By Mrs. A.J. Wilder, Mansfield, Missouri

 

What is your personal code of honor? Just what do you consider dishonorable or disgraceful in personal conduct? It seems to me that we had all grown rather careless in holding ourselves to any code of honor and just a little ashamed of admitting that we had such a standard. At best our rules of life were becoming a little flexible and we had rather a contemptuous memory of the knights of King Arthur’s round table who fought so often for their honor and still at times forgot it so completely, while we pitied the Pilgrim Fathers for their stern inflexibility in what they considered the right way of life.

Just now, while such mighty forces of right and wrong are contending in the world, we are overhauling our mental processes a little and finding out some curious things about ourselves. We can all think of examples of different ideas of what is dishonorable. There are the persons who strictly fulfil their given word. To them it would be a disgrace not to do as they agree, not to keep a promise, while others give a promise easily and break their word with even greater ease.

Some persons have a high regard for truth and would feel themselves disgraced if they told a lie, while others prefer a lie even tho the truth were easier.

There are persons who have no scruples to prevent them from eavesdropping, reading letters not intended for them, or any manner of prying into other person’s private affairs, and to others the doing of such things is in a manner horrifying.

There are scandal-mongers who are so eager to find and scatter to the four winds a bit of unsavory gossip that they are actually guilty in their own souls of the slips in virtue that they imagine in others, and contrasting with these are people so pureminded that they would think themselves disgraced if they entertained in their thoughts such idle gossip.

I know a woman whose standard of honor demands only, “the greatest good to the greatest number, including myself.” The difficulty with this is that a finite mind can scarcely know what is good for other persons or even one’s self.

Another woman’s code of honor is to be fair, to always give the “square deal” to the other person and this is very difficult to do because the judgment is so likely to be partial.

There is a peculiar thing about the people who hold all these differing ideas of what they will allow themselves to do. We seldom with to live up to the high standard to which we hold the other fellow. The person who will not keep his word becomes very angry if a promise to him is broken. Those who have no regard for truth, in what they say, expect that others will be truthful when talking to them. People who pry into affairs which are none of their business consider the same actions disgraceful in others and gossips think that they should be exempt from the treatment they give to other people. I never knew it to fail and it is very amusing at times to listen to the condemnation of others’ actions by one who is even more guilty of the same thing.

It does one good to adhere strictly to a rule of conduct, if that rule is what it should be. Just the exercise of the will in refusing to follow the desires, which do not conform to the standard set, is strengthening to the character, while the determination to do the thing demanded by that standard and the doing of it however difficult, is an exercise for the strengthening of the will power which is far better than anything recommended for that purpose by books.

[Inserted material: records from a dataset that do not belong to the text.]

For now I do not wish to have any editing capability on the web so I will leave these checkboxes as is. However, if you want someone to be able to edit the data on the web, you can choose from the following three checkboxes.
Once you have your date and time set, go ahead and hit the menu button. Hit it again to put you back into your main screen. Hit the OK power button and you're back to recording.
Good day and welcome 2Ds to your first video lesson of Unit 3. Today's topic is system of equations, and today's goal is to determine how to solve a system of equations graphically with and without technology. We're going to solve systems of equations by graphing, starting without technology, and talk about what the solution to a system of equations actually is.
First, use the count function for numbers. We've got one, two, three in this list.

If you doubt that it pays in cash and other material advantages to have a high code of honor and live up to it, just notice the present plight of the German government. At the beginning of the war they threw away their honor, broke their pledged word and proclaimed to the world that their written agreements were mere scraps of paper. Now when they ask for a conference to discuss a “peace by agreement,” the allies reply, in effect, “but an agreement with you would in no sense be binding upon you. We cannot trust again to your world of honor since your signed pledge is a mere ‘scrap of paper’ and your verbal promises even less.”

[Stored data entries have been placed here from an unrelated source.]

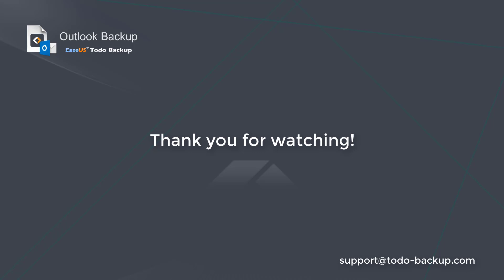Thank you guys for watching this video. If you have any further questions, just contact us via email.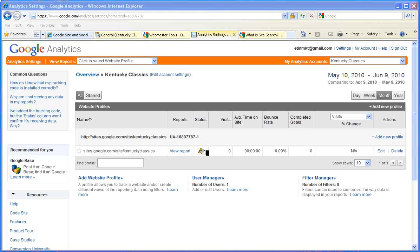So that concludes this video lesson on adding Google Analytics and Webmaster Tools to your website.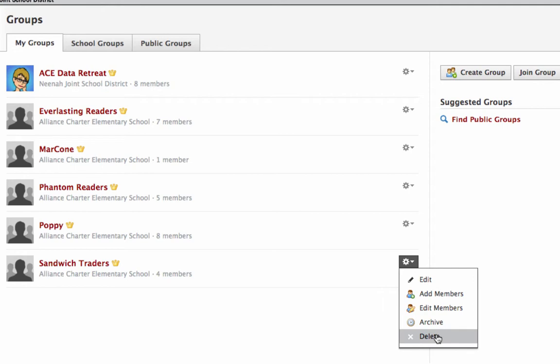So right there's the archive. That's how you archive a group that you no longer need.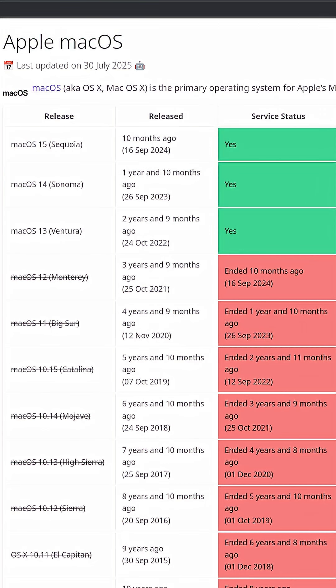You see, a couple years ago, Apple stopped providing security updates for this model, which means it's not safe to use the internet, and overall it became somewhat of a paperweight.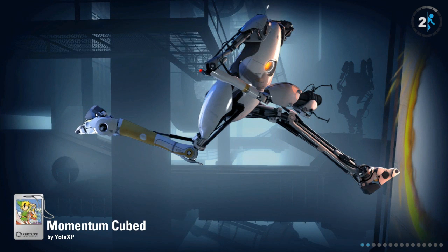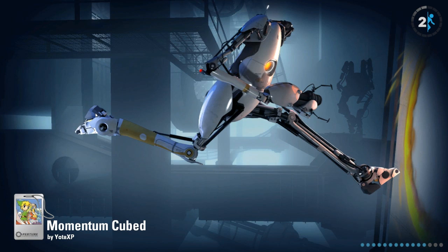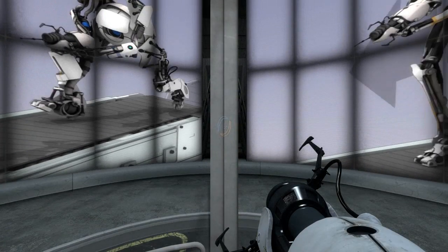We have Momentum Cubed. And so, the game is gonna do the loading so we just gotta wait for the... Oh, it's loaded, okay here.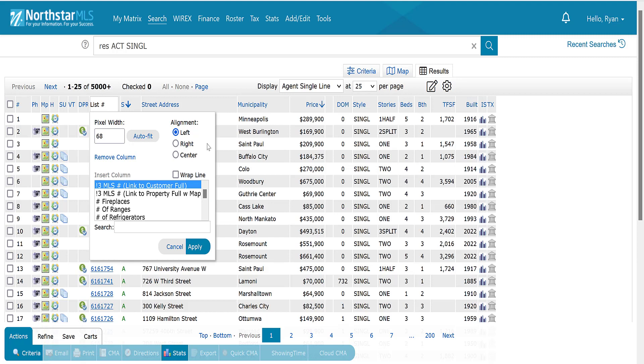But for this tutorial, we are going to click to choose this second one in the list, link to property full with map, and then click the apply button.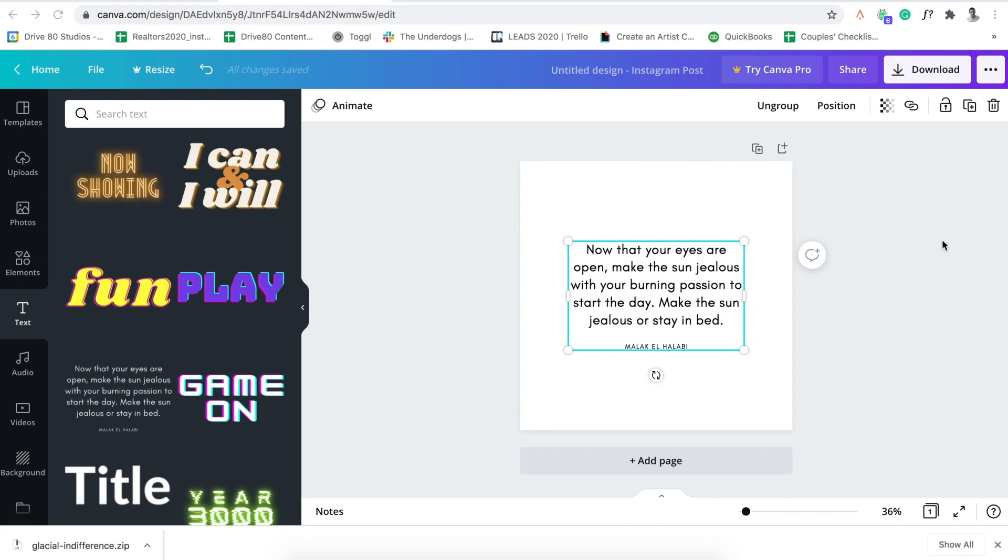Hey, it's Mike from Drive80.com and today I'm going to show you how you can download fonts to use in Canva if you're going to design outside of Canva.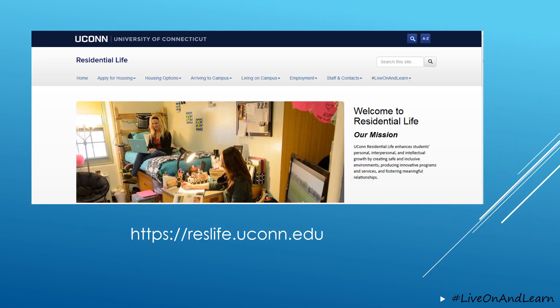In order to access MyHousing, you're going to go to our main website, which is https://reslife.uconn.edu, and then at the top of the page you have the ability to apply for housing.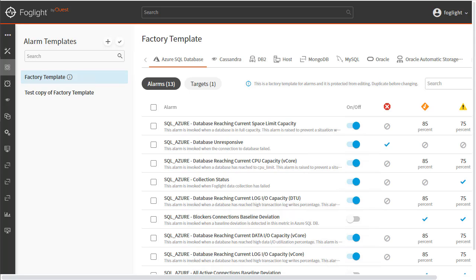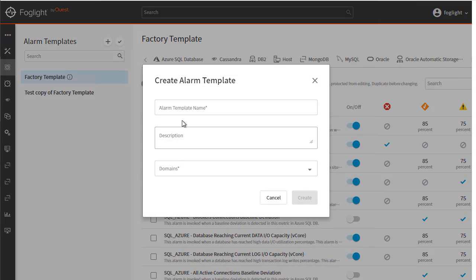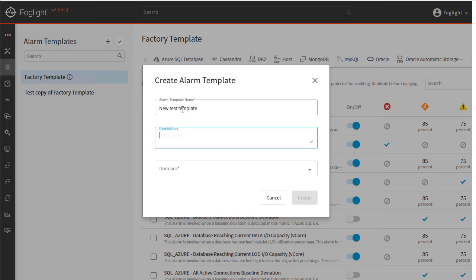To create a new template, in the Templates panel, click to open the Create Alarm Template dialog. Enter a template name and description.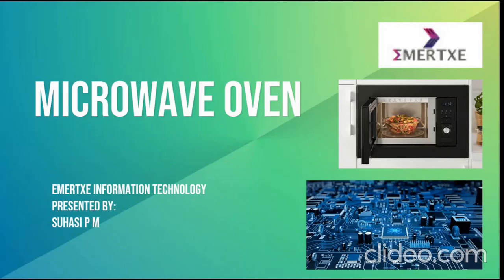Hello everyone, I am Suhassi. This video is about the microwave oven using embedded system.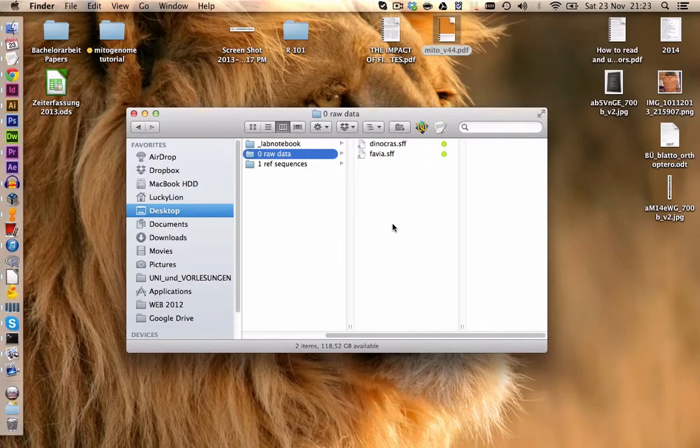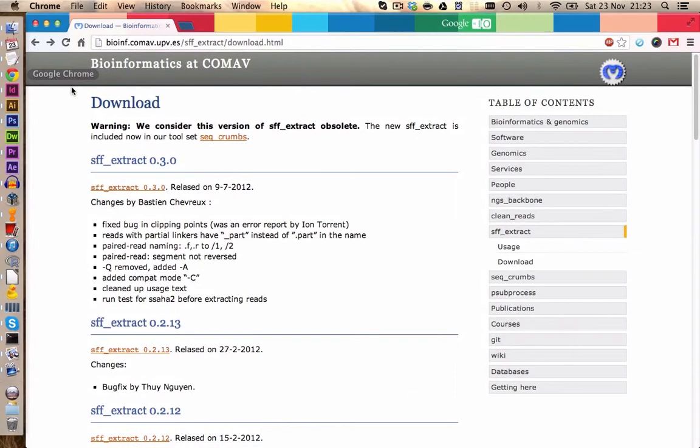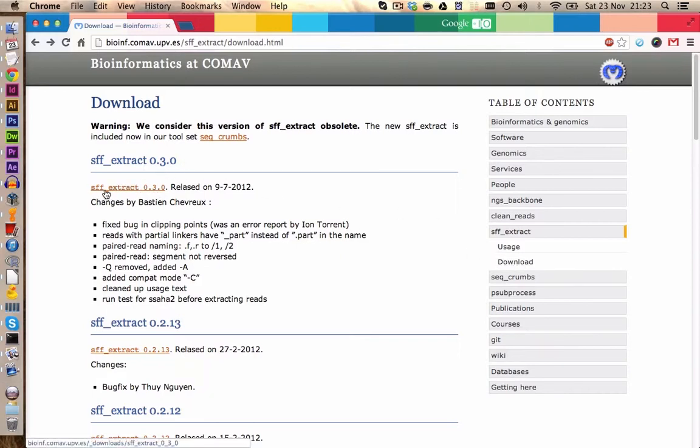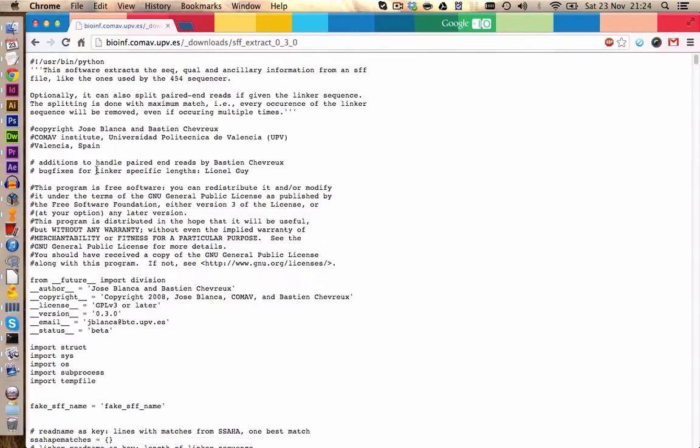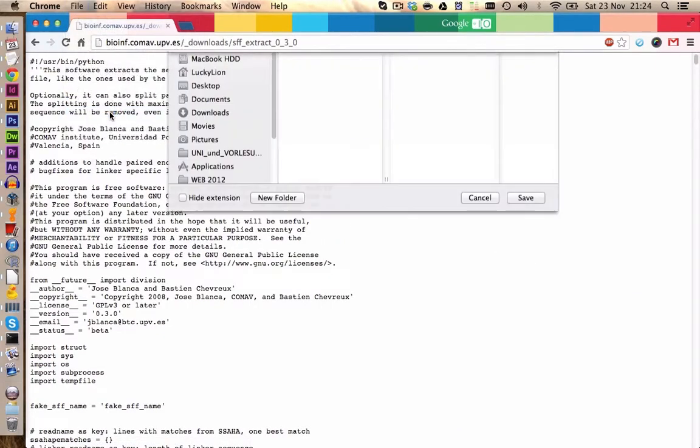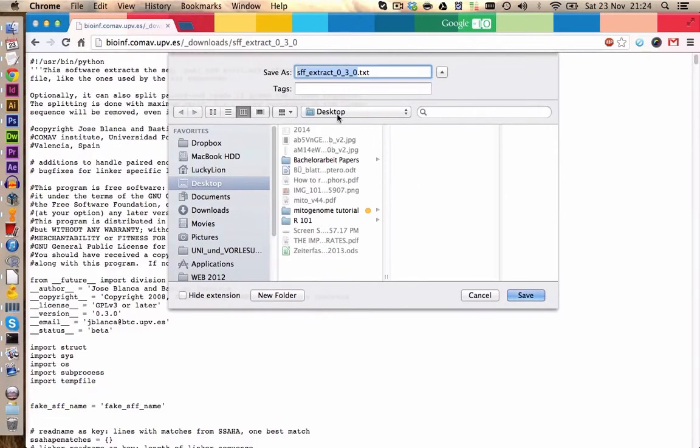First of all, we need to download the script to extract our files. You find the link in the YouTube description below. To save the script, click on download here and on SFF extract 3.0. Here you can click on file, save page as and we are going to save this one as a PY file and we save it for now on the desktop. Click on save and now we put this file into our folder to our raw data.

It is plain, then, that nations are judged by their standards of honor and treated accordingly and it is the same with individuals. We judge them by their code of honor and the way they live up to it. It is impossible to hold two standards, one for ourselves and a different one for others, for what is dishonorable in them would be the same for us and that seems in the end to be the only sure test, embracing and covering all the rest, the highest code of honor yet voiced—“Whatsoever ye would that men should do to you, do ye even so to them!”

 

Mrs. A.J. Wilder. "Your Code of Honor." Missouri Ruralist (October 5, 1918): 26.